SOURCE MATERIAL -
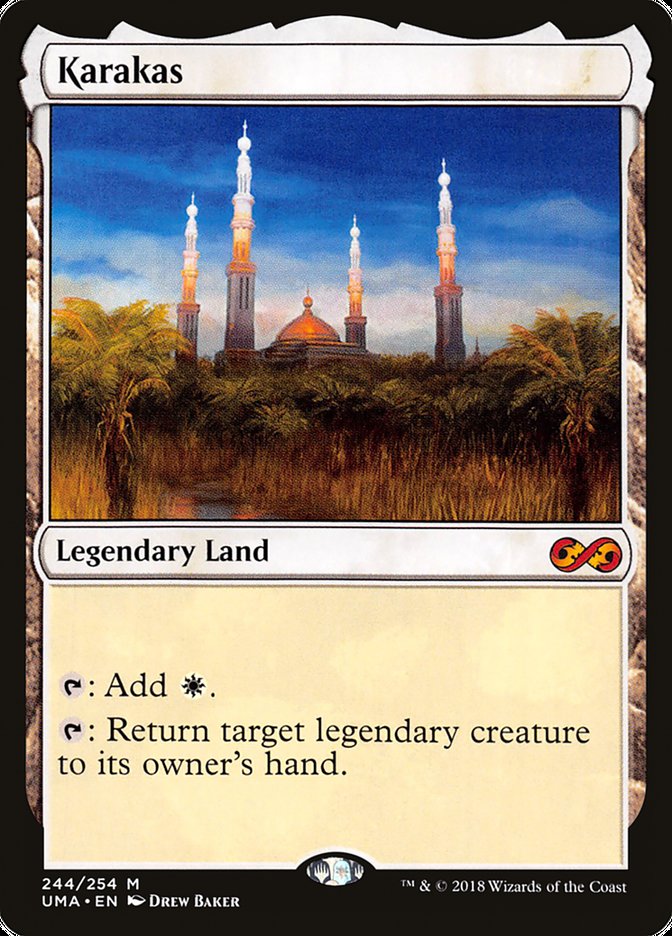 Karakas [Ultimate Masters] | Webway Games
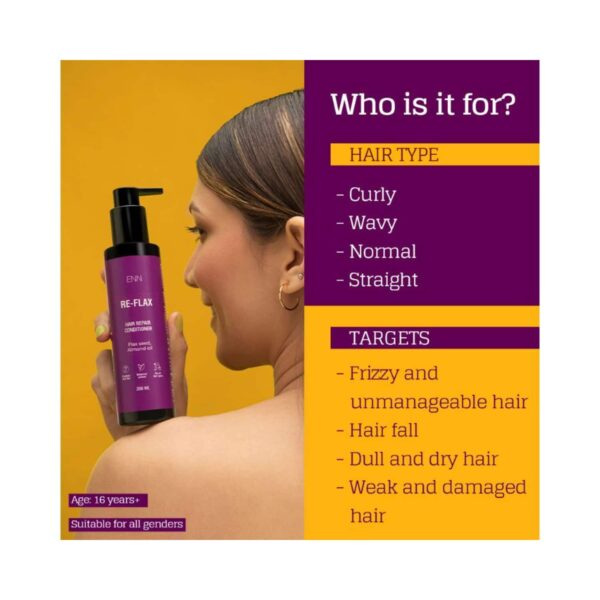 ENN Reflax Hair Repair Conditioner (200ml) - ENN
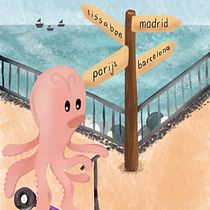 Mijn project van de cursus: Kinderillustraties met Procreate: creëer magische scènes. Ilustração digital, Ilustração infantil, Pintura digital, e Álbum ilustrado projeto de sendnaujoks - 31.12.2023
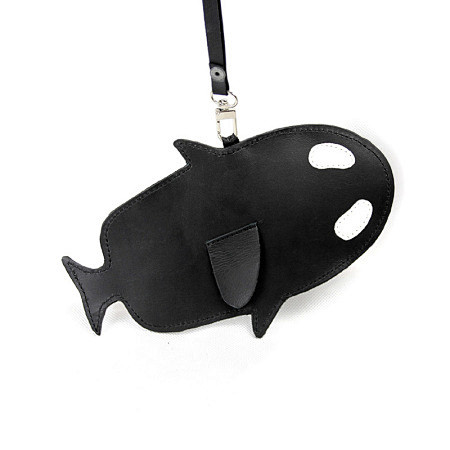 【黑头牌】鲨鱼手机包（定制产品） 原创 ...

---

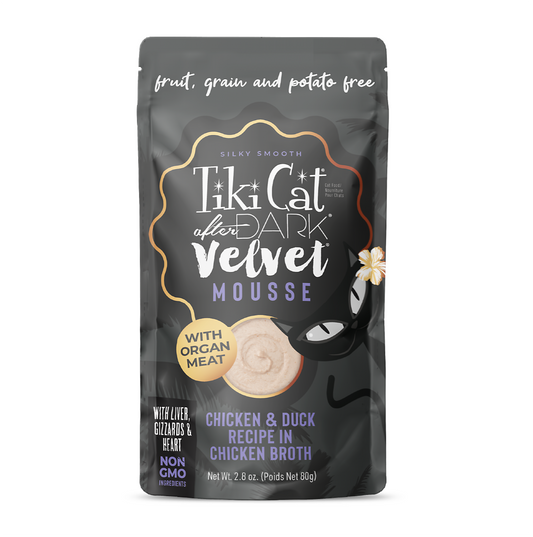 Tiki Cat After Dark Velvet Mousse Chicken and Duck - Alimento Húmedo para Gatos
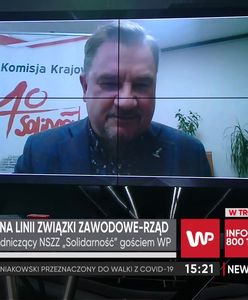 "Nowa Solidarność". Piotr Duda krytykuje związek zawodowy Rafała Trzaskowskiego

---

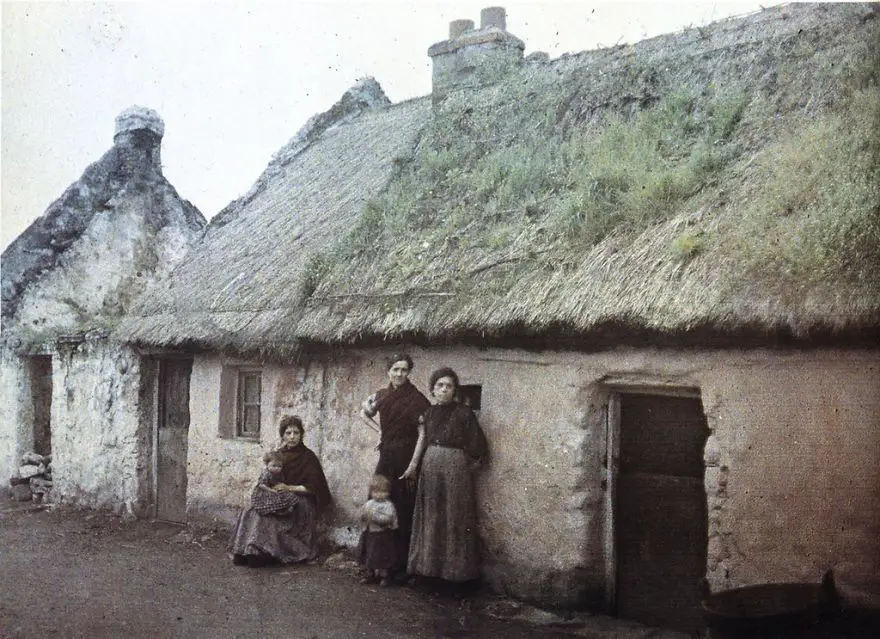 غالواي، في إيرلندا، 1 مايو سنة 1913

WHAT IS NEEDED - From the line with "Tiki Cat After" up to and including the line with "zawodowy Rafała Trzaskowskiego" above, retype every line exactly and nothing more; leave out the pictures.

EXPECTED ANSWER -
 Tiki Cat After Dark Velvet Mousse Chicken and Duck - Alimento Húmedo para Gatos
 "Nowa Solidarność". Piotr Duda krytykuje związek zawodowy Rafała Trzaskowskiego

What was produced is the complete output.